The data.
* * *

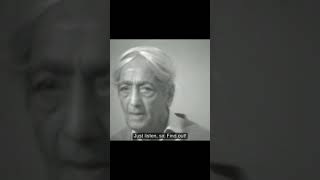 Do you love anybody | Krishnamurti #shorts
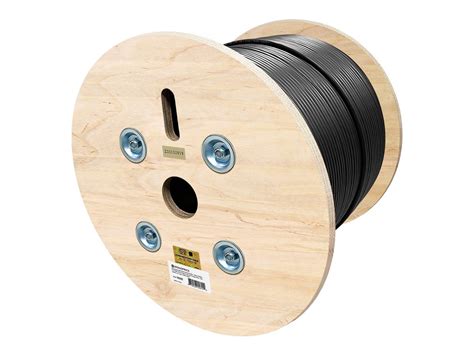 Monoprice Cat6A 1000ft Black CMR UL Bulk Cable TAA Shielded F UTP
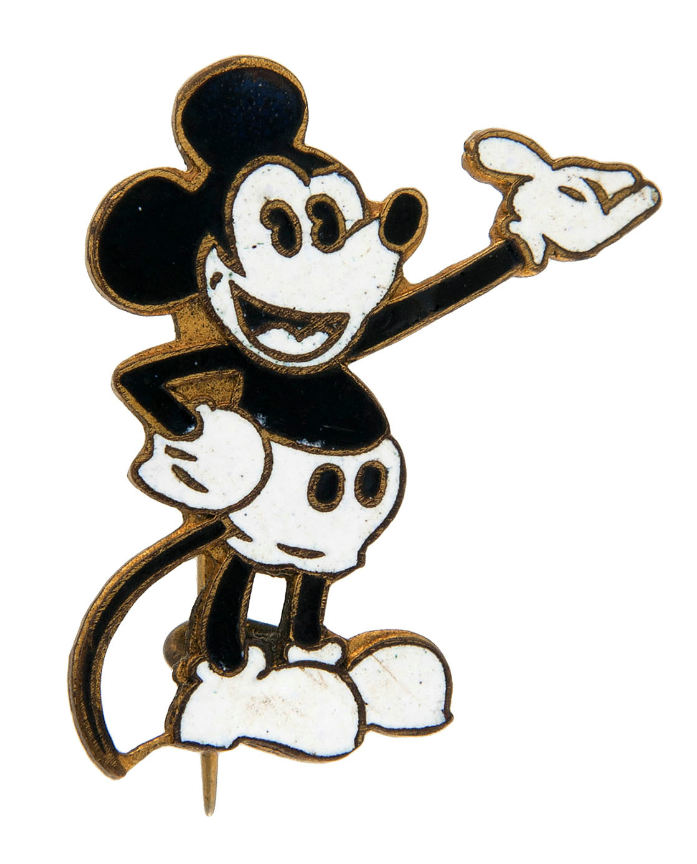 Hake S Mickey Mouse Enamel On Brass Rare Pin From The Early S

* * *

Task to carry out. Write out, exactly and only, the lines from the one containing "Monoprice Cat6A 1000ft" through the last line of the material above. Pictures do not go in the copy.

Result of the exercise.
 Monoprice Cat6A 1000ft Black CMR UL Bulk Cable TAA Shielded F UTP
 Hake S Mickey Mouse Enamel On Brass Rare Pin From The Early S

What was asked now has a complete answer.